-- Exercise input --
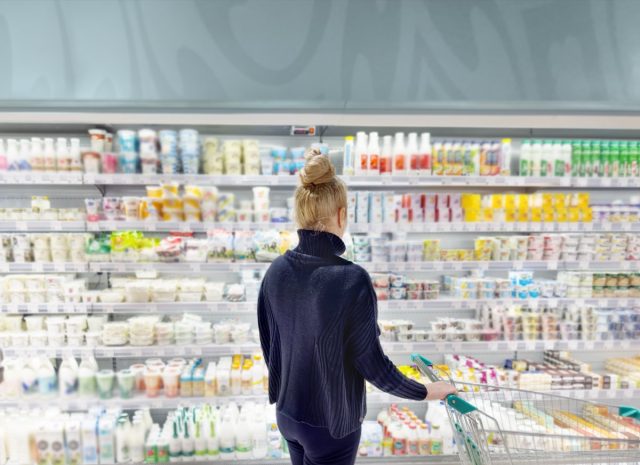 Woman choosing frozen food from a supermarket freezer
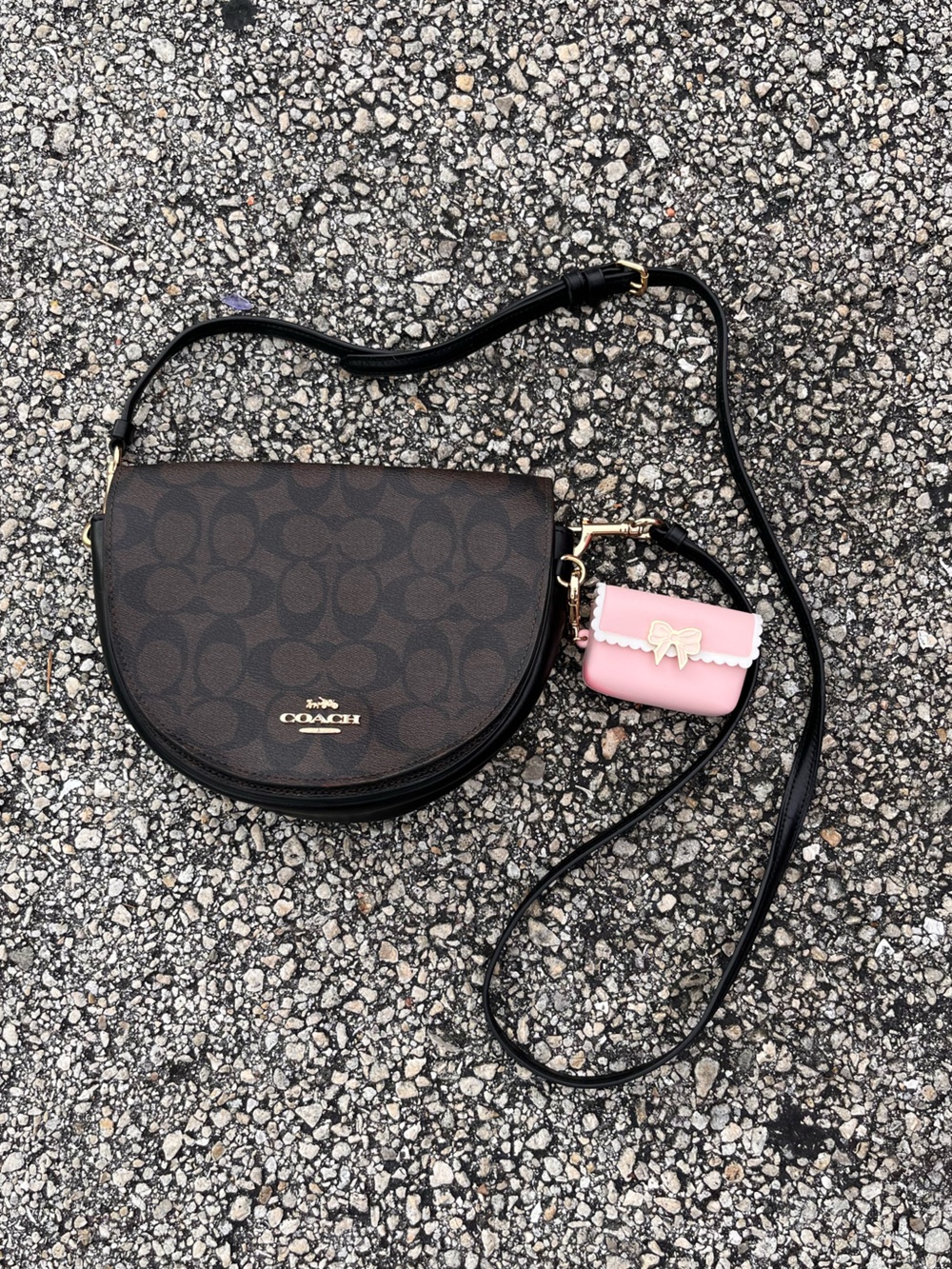Coach Brown Signature Saddle Crossbody with Pink Charm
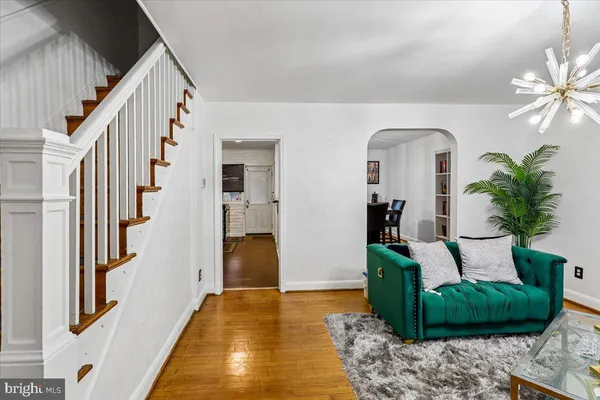 a view of living room with furniture and a fireplace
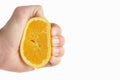 Man's hand squeezing Orange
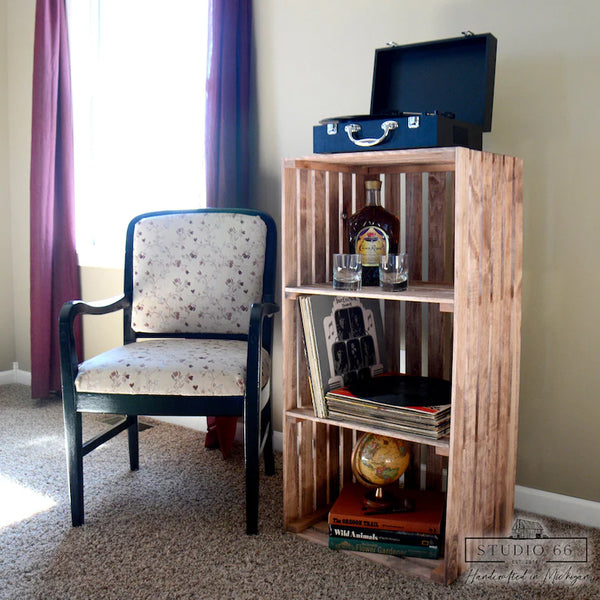Lifestyle view of cherry 3 tier turntable stand with vinyl records and rustic furniture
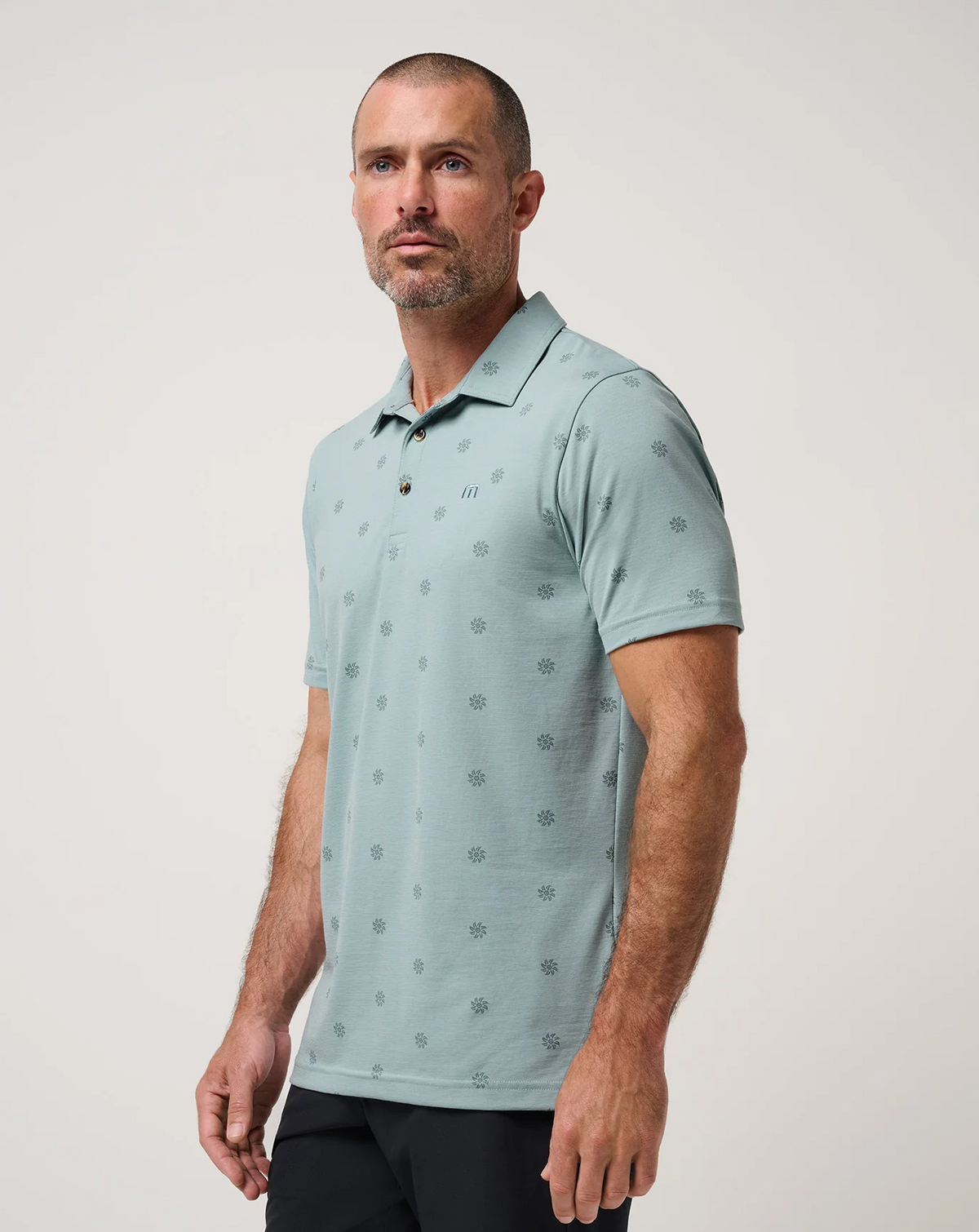 TravisMathew Sol Polo shown from an angled front view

-- Exercise instructions --
Give back the records above exactly, with no pictures.

-- Written reply --
 Woman choosing frozen food from a supermarket freezer
Coach Brown Signature Saddle Crossbody with Pink Charm
 a view of living room with furniture and a fireplace
 Man's hand squeezing Orange
Lifestyle view of cherry 3 tier turntable stand with vinyl records and rustic furniture
 TravisMathew Sol Polo shown from an angled front view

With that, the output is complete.